» Dataset excerpt
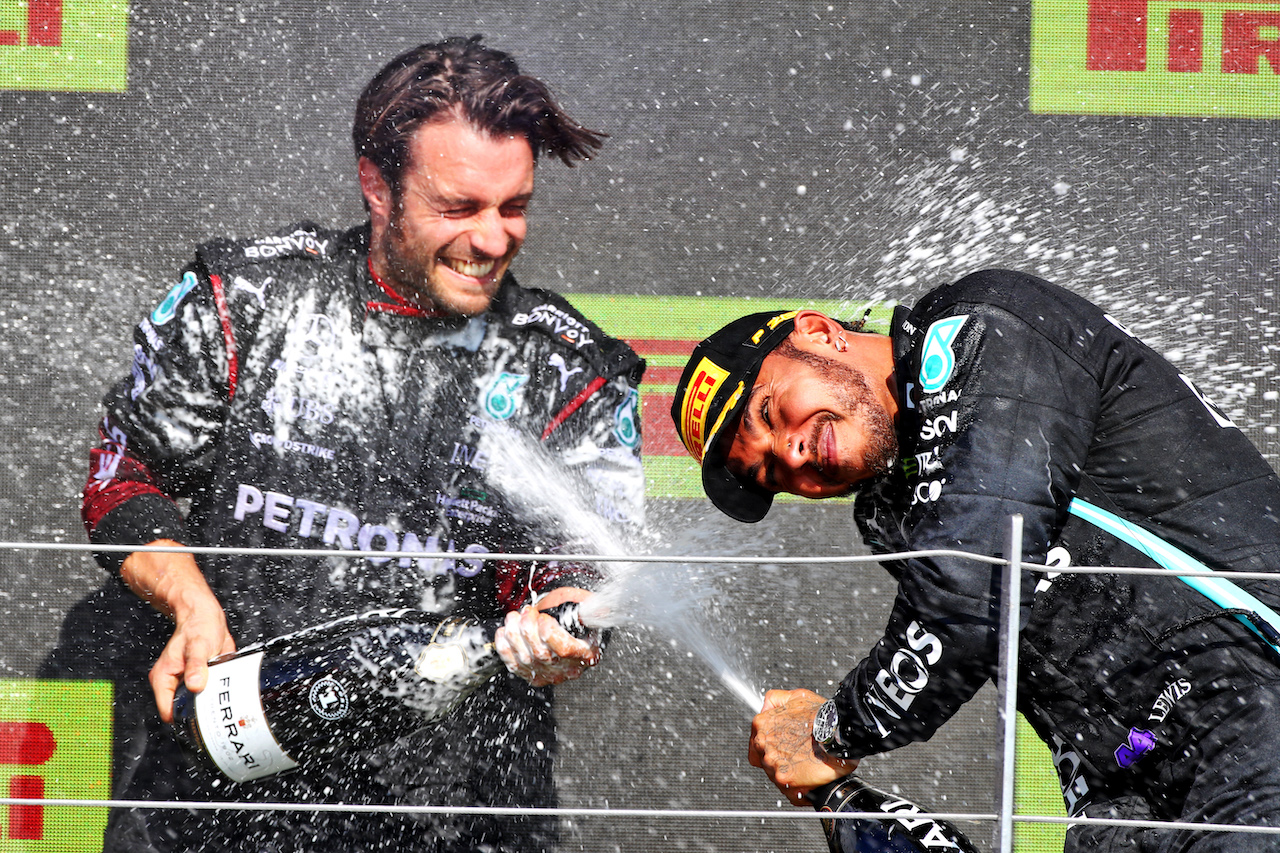 GP GRAN BRETAGNA, Gara winner Lewis Hamilton (GBR) Mercedes AMG F1 celebrates on the podium.
18.07.2021. Formula 1 World Championship, Rd 10, British Grand Prix, Silverstone, England, Gara Day.
 - www.xpbimages.com, EMail: requests@xpbimages.com © Copyright: Davenport / XPB Images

» What you have to do
Write the data out again exactly, but without its images.

» Exercise response
 GP GRAN BRETAGNA, Gara winner Lewis Hamilton (GBR) Mercedes AMG F1 celebrates on the podium.
18.07.2021. Formula 1 World Championship, Rd 10, British Grand Prix, Silverstone, England, Gara Day.
 - www.xpbimages.com, EMail: requests@xpbimages.com © Copyright: Davenport / XPB Images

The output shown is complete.